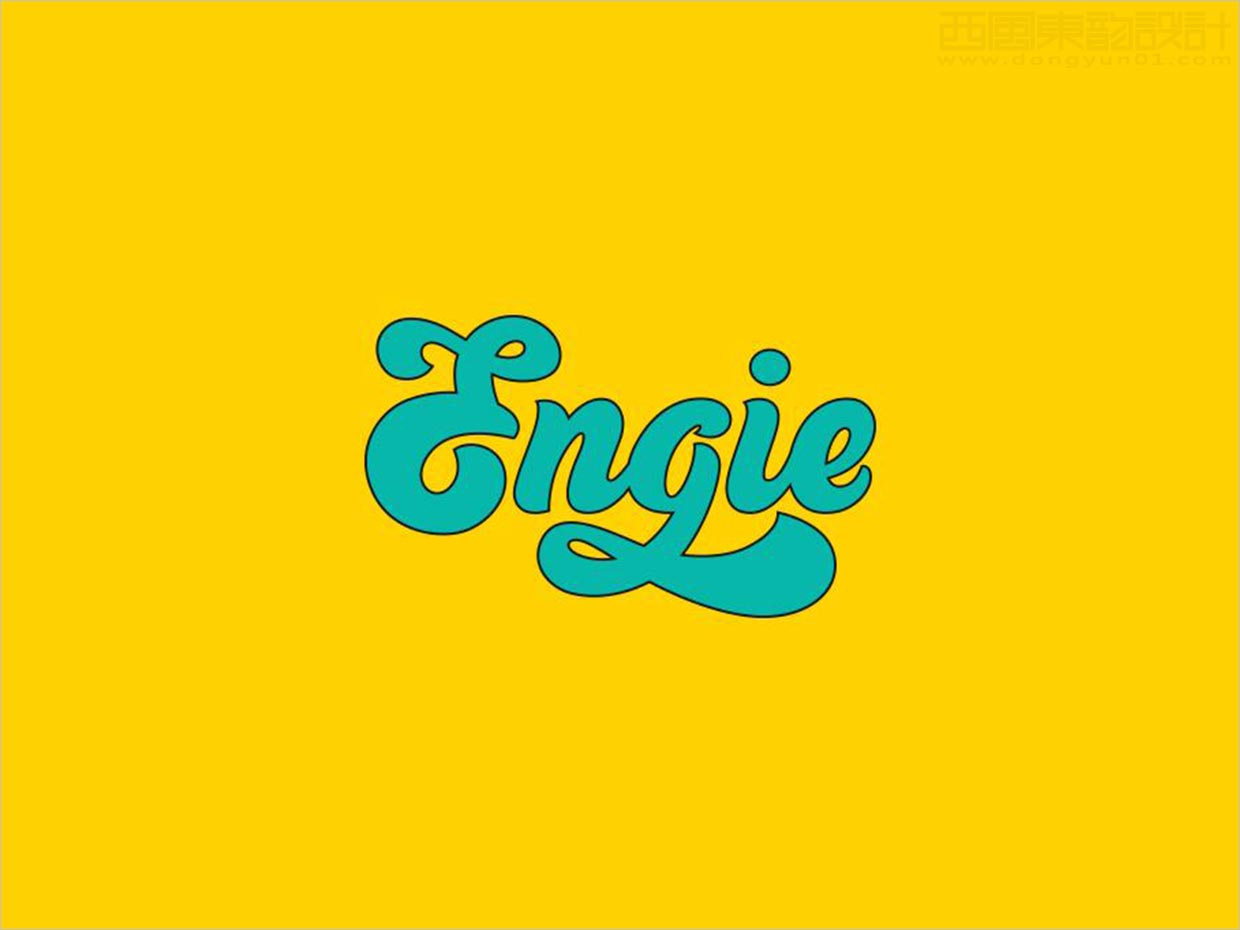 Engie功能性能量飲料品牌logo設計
...
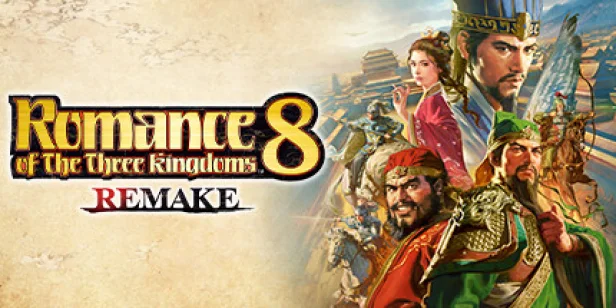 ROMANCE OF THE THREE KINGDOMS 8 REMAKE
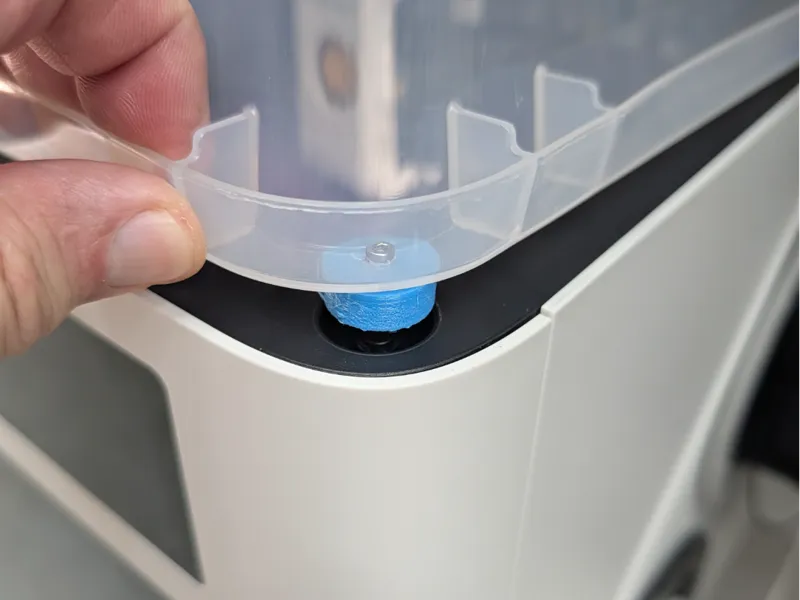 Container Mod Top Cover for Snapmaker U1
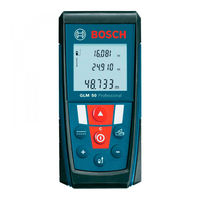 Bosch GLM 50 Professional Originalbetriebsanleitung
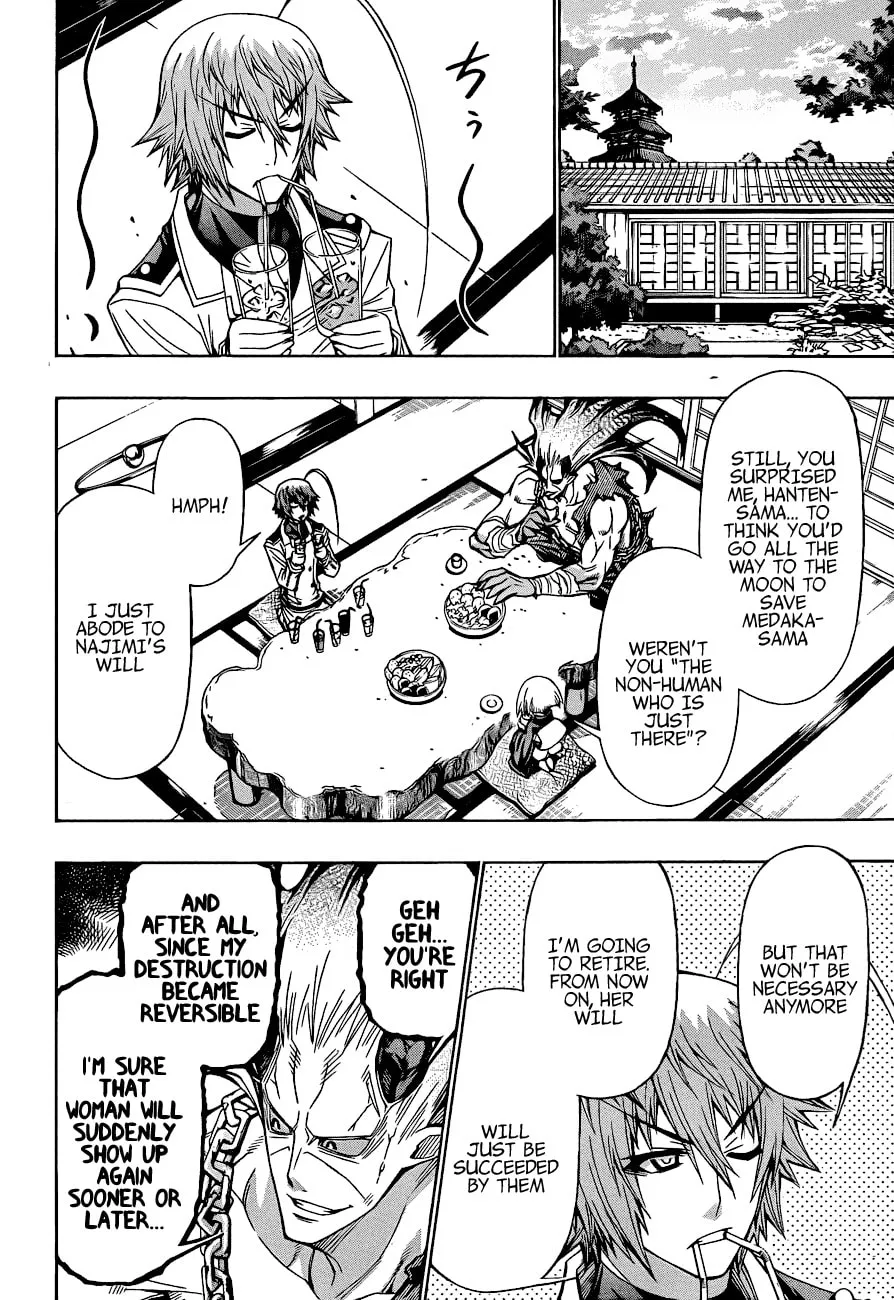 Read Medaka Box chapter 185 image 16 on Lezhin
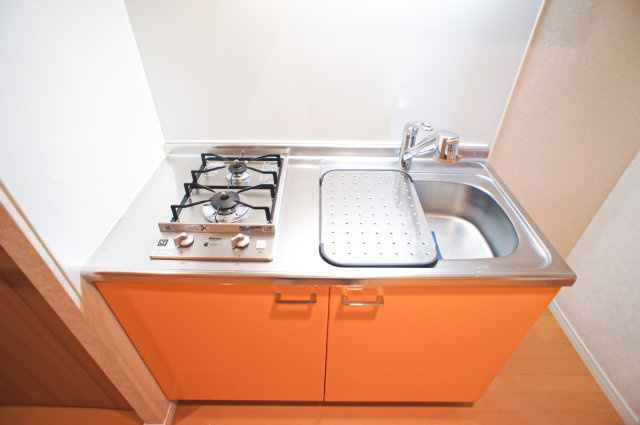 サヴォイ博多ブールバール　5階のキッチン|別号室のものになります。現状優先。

BRIEF
Your answer must be everything above from the line with "Container Mod Top Cover for Snapmaker U1" down to the line with "サヴォイ博多ブールバール　5階のキッチン|別号室のものになります。現状優先。", word for word, and no pictures.

EXERCISE OUTPUT
 Container Mod Top Cover for Snapmaker U1
 Bosch GLM 50 Professional Originalbetriebsanleitung
 Read Medaka Box chapter 185 image 16 on Lezhin
 サヴォイ博多ブールバール　5階のキッチン|別号室のものになります。現状優先。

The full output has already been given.